EXERCISE DETAILS: Search the records for the word "becomes" and report each line that has it.

STUDY MATERIAL:
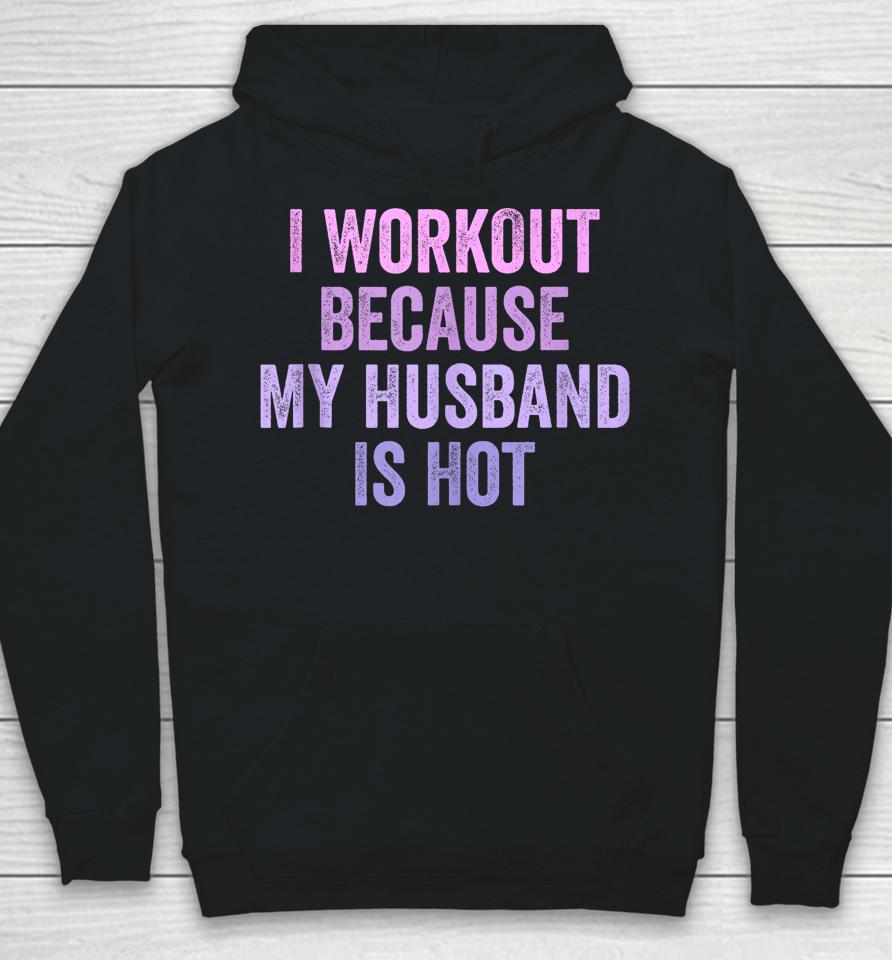 I Workout Because My Husband Is Hot Funny Gym Trainer Lover Hoodie
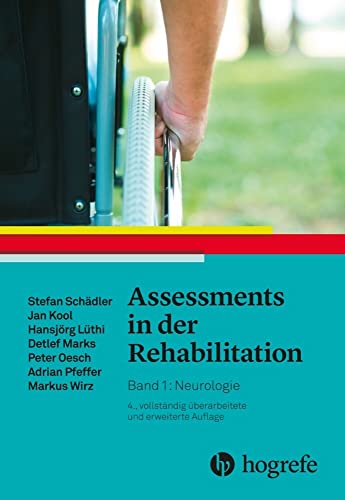 9783456858890: Assessments in der Rehabilitation: Band 1: Neurologie. 4., vollstndig berarbeitete und erweiterte Auflage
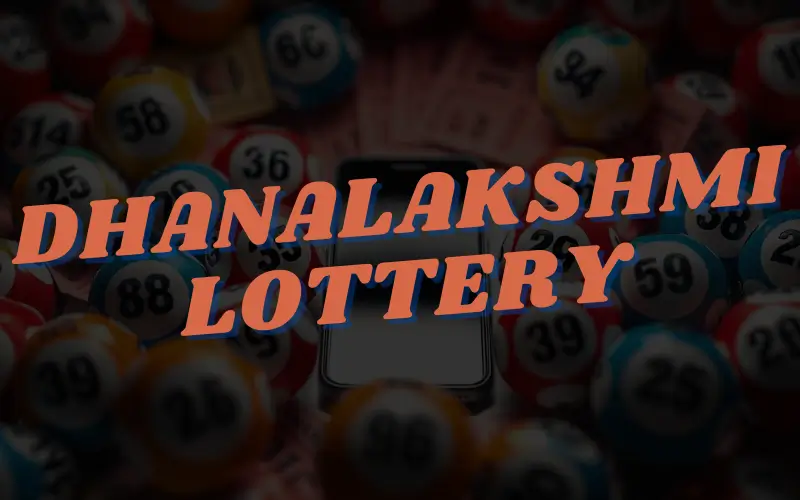 dhanalakshmi lottery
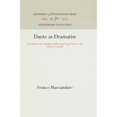 thumbnail image 1 of Pre-Owned Dante as Dramatist: The Myth of the Earthly Paradise and Tragic Vision in the Divine Comedy (Hardcover) 0812230698 9780812230697, 1 of 1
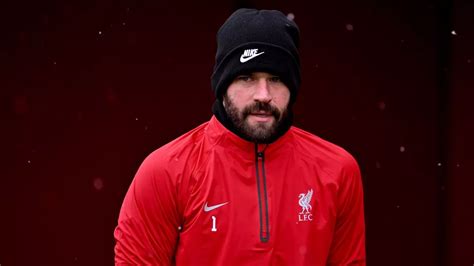 Eri Fairylegend - Liverpool dealt fresh injury blow with Alisson ruled out of Brentford clash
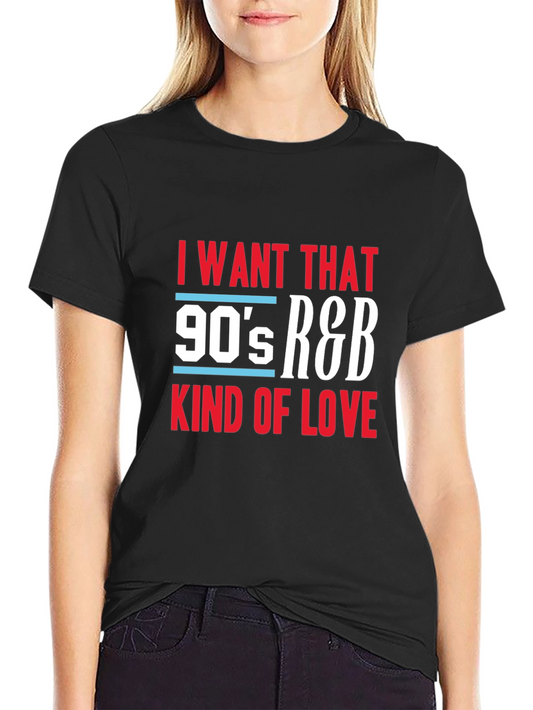 90s R&B Kind of Love Black Graphic Tee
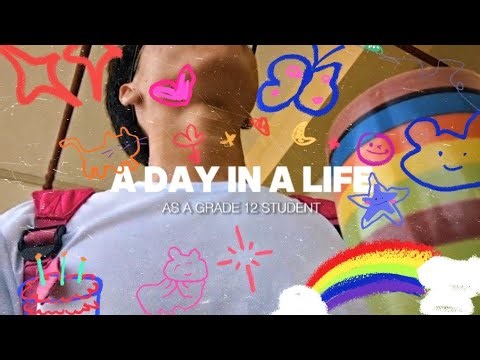 A Day in a Life as a Grade 12 Student
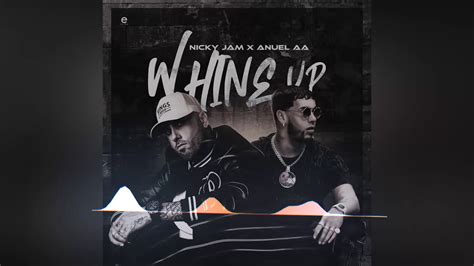 Whine Up Nicky Jam X Anuel Aa Youtube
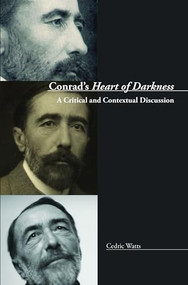 Conrad's Heart of Darkness (A Critical and Contextual Discussion) by Cedric Watts, 9789042035270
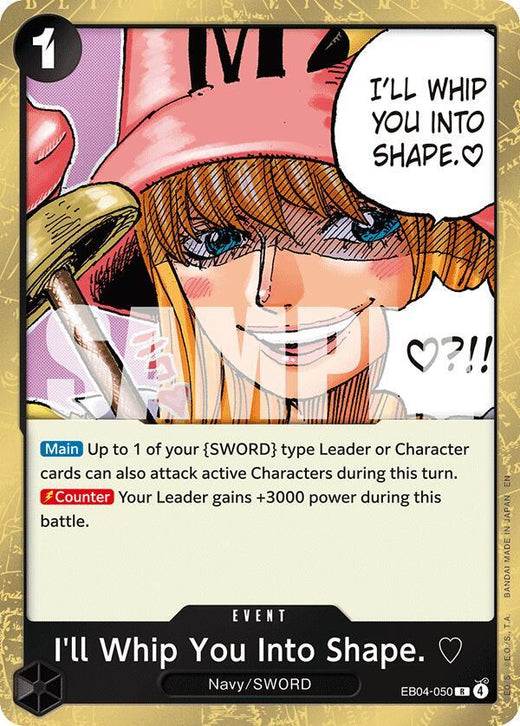 I'll Whip You Into Shape. EB04-050 R Foil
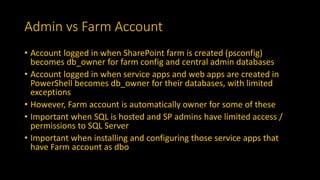 Admin vs Farm Account
• Account logged in when SharePoint farm is created (psconfig)
becomes db_owner for farm config and central admin databases
• Account logged in when service apps and web apps are created in
PowerShell becomes db_owner for their databases, with limited
exceptions
• However, Farm account is automatically owner for some of these
• Important when SQL is hosted and SP admins have limited access /
permissions to SQL Server
• Important when installing and configuring those service apps that
have Farm account as dbo
 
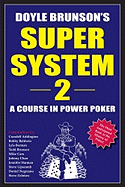 Doyle Brunson's Super System II - Brunson, Doyle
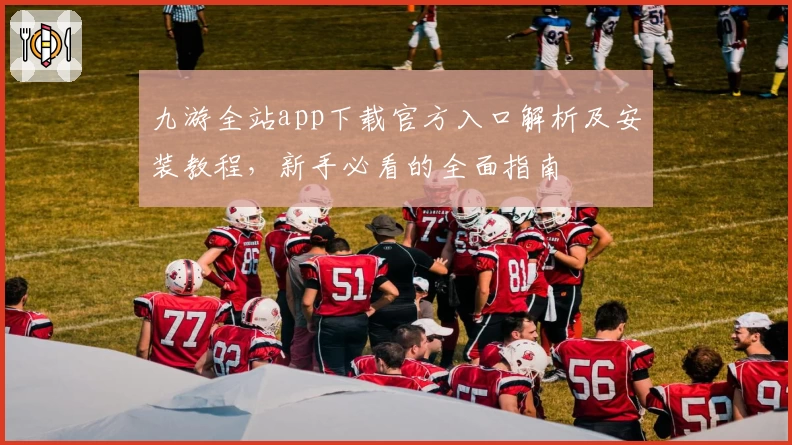 九游全站app下载官方入口解析及安装教程，新手必看的全面指南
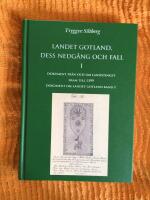 Landet Gotland, dess nedg&aring;ng och fall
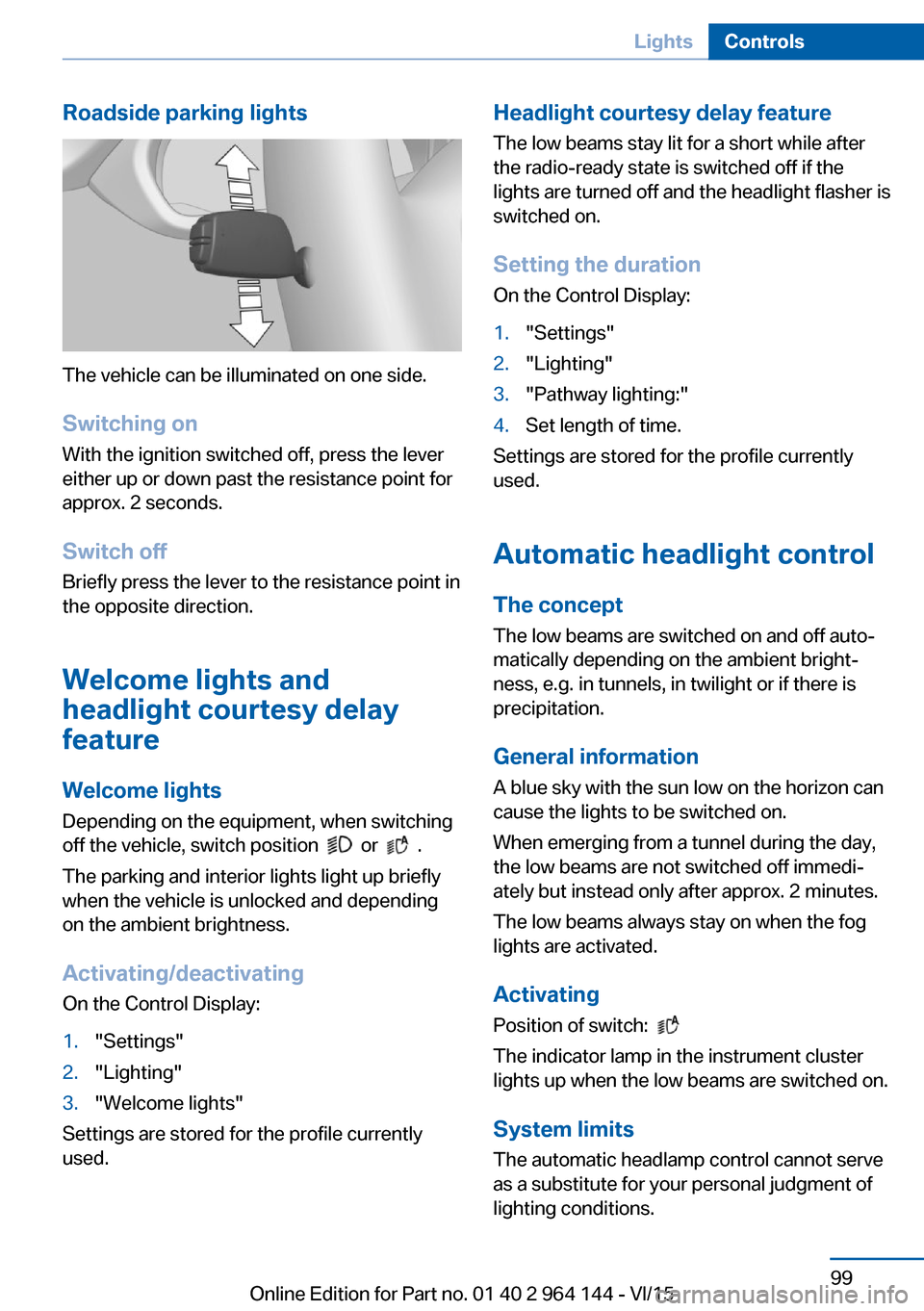BMW X4 2016 F26 Owners Manual Roadside parking lights
The vehicle can be illuminated on one side.
Switching on With the ignition switched off, press the lever
either up or down past the resistance point for
approx. 2 seconds.
Swit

SOLUTION FOR THIS PROBLEM:
becomes db_owner for farm config and central admin databases
PowerShell becomes db_owner for their databases, with limited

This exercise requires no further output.